■ **Your task**: Answer with one number: the count of lines in the listing below that hold the word "Black".

■ **Data shown**:
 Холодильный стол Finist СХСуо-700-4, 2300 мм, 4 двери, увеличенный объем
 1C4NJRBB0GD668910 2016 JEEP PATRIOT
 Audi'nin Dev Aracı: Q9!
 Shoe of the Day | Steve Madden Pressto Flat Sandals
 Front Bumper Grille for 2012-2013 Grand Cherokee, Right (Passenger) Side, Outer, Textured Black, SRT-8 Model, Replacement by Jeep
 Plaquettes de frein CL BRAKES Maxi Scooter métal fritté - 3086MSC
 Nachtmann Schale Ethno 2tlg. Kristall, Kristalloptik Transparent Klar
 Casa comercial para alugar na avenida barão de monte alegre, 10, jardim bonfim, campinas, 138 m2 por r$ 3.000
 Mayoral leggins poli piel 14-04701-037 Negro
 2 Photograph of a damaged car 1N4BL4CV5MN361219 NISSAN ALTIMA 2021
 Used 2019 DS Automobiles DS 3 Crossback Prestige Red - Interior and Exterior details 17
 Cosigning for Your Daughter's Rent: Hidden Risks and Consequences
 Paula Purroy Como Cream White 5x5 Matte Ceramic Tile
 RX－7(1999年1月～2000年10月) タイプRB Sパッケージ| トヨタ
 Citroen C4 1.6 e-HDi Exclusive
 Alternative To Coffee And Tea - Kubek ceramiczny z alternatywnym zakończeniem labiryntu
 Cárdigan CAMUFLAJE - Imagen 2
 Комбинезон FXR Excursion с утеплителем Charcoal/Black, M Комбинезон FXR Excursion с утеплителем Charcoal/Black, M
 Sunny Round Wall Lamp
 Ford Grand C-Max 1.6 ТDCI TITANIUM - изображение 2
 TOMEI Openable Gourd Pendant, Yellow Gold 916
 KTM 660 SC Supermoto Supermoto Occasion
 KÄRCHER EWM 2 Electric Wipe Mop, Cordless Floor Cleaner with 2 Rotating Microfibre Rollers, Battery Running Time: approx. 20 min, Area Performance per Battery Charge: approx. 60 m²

■ **Solution to the exercise**: 2